World’s eight richest as wealthy as half humanity, Oxfam tells Davos
By Ben Hirschler
Jan 15 2017
Just eight individuals, all men, own as much wealth as the poorest half of the world’s population, Oxfam said on Monday in a report calling for action to curtail rewards for those at the top.
As decision makers and many of the super-rich gather for this week’s World Economic Forum (WEF) annual meeting in Davos, the charity’s report suggests the wealth gap is wider than ever, with new data for China and India indicating that the poorest half of the world owns less than previously estimated.
Oxfam, which described the gap as “obscene”, said if the new data had been available before, it would have shown that in 2016 nine people owned the same as the 3.6 billion who make up the poorest half of humanity, rather than 62 estimated at the time.

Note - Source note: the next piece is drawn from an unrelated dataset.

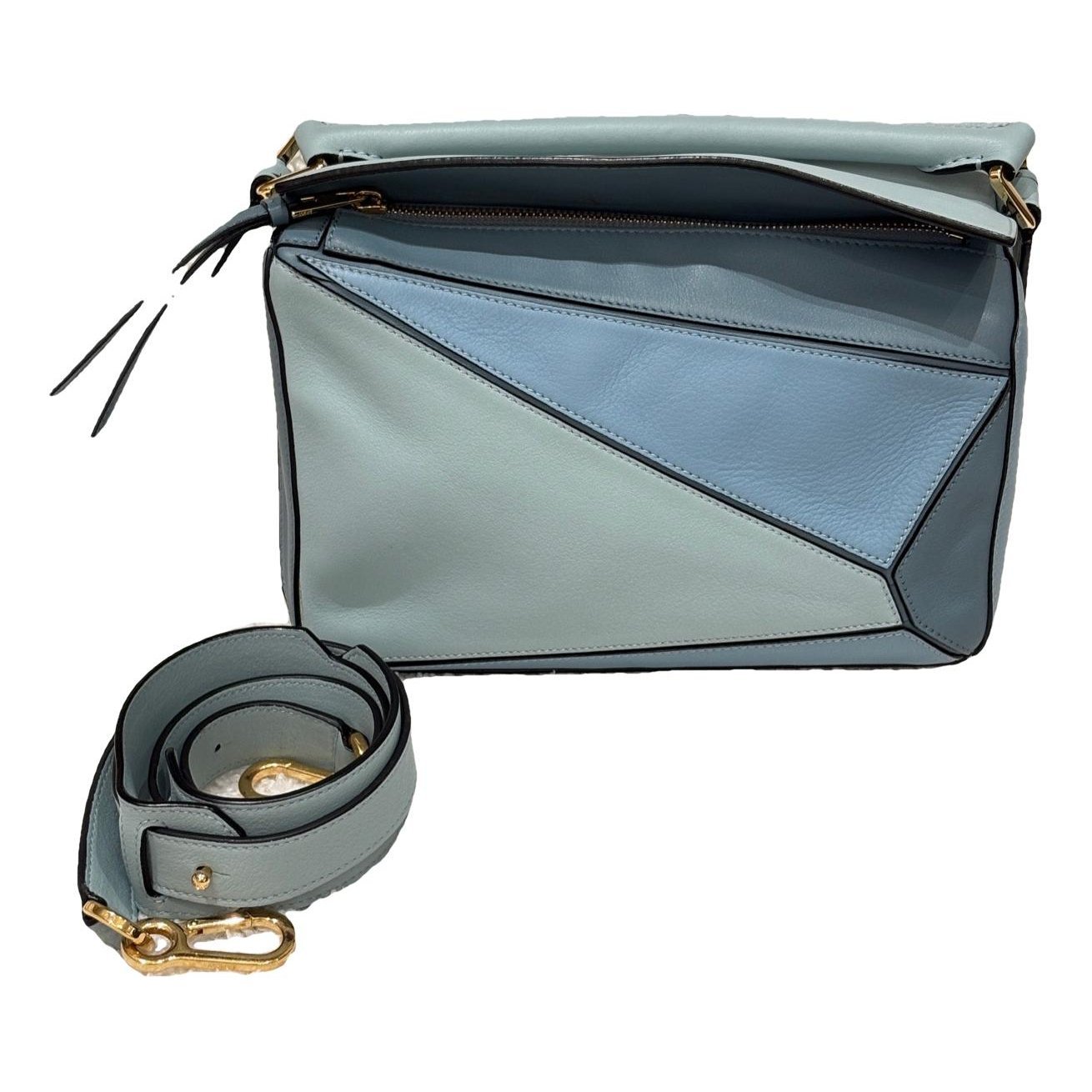 Puzzle leather handbag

In 2010, by comparison, it took the combined assets of the 43 richest people to equal the wealth of the poorest 50 percent, according to the latest calculations.

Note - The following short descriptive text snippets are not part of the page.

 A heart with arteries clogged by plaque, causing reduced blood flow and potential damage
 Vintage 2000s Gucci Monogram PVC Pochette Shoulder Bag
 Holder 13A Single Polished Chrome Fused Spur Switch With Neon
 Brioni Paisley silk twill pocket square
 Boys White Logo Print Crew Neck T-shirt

Inequality has moved up the agenda in recent years, with the head of the International Monetary Fund and the Pope among those warning of its corrosive effects, while resentment of elites has helped fuel an upsurge in populist politics.
Concern about the issue was highlighted again in the WEF’s own global risks report last week.
“We see a lot of hand-wringing – and clearly Trump’s victory and Brexit gives that new impetus this year – but there is a lack of concrete alternatives to business as usual,” said Max Lawson, Oxfam’s head of policy.
“There are different ways of running capitalism that could be much, much more beneficial to the majority of people.”